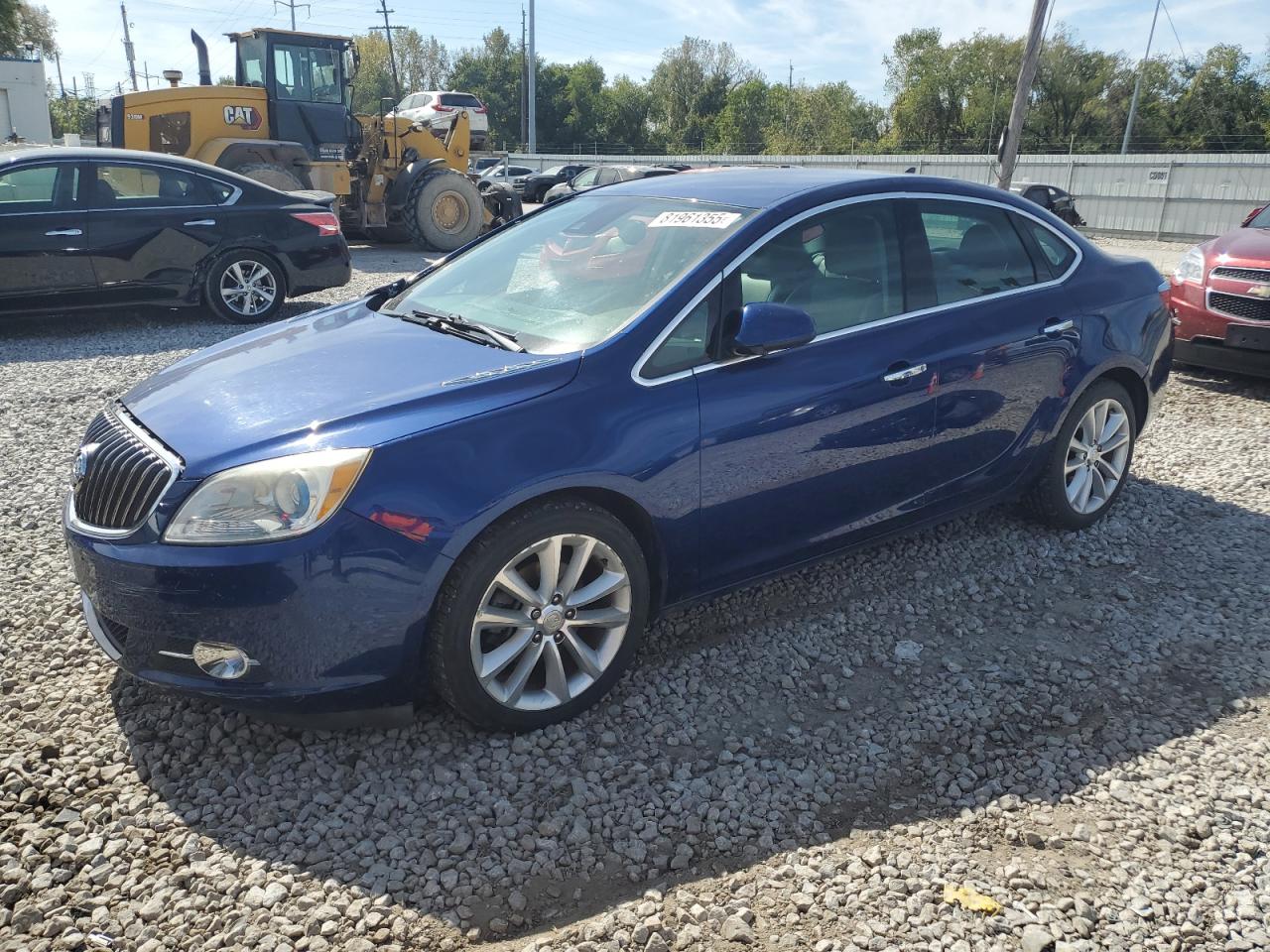 2014 Buick Verano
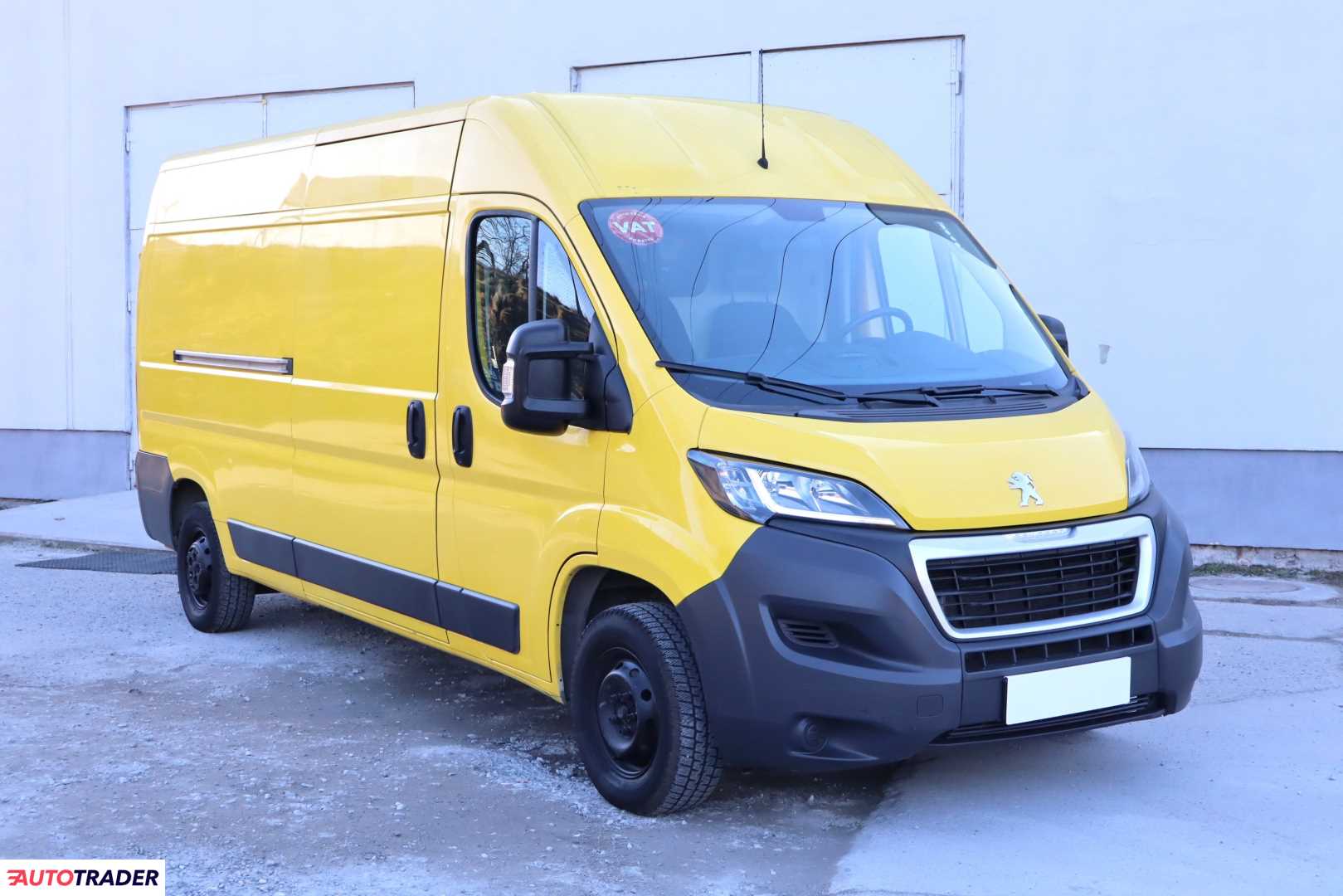 Peugeot Boxer 2017 2.0 Peugeot Boxer 2017 2.0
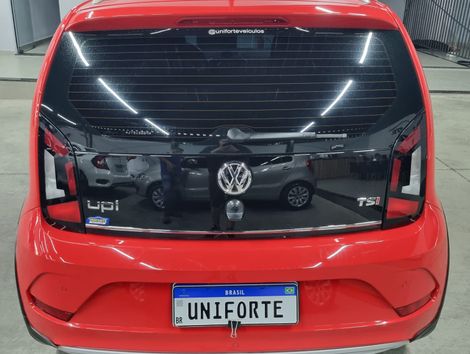 VolksWagen up! cross 1.0 TSI Total Flex 12V 5p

——

Set down the whole listing word for word, omitting the pictures.

 2014 Buick Verano
 Peugeot Boxer 2017 2.0 Peugeot Boxer 2017 2.0
 VolksWagen up! cross 1.0 TSI Total Flex 12V 5p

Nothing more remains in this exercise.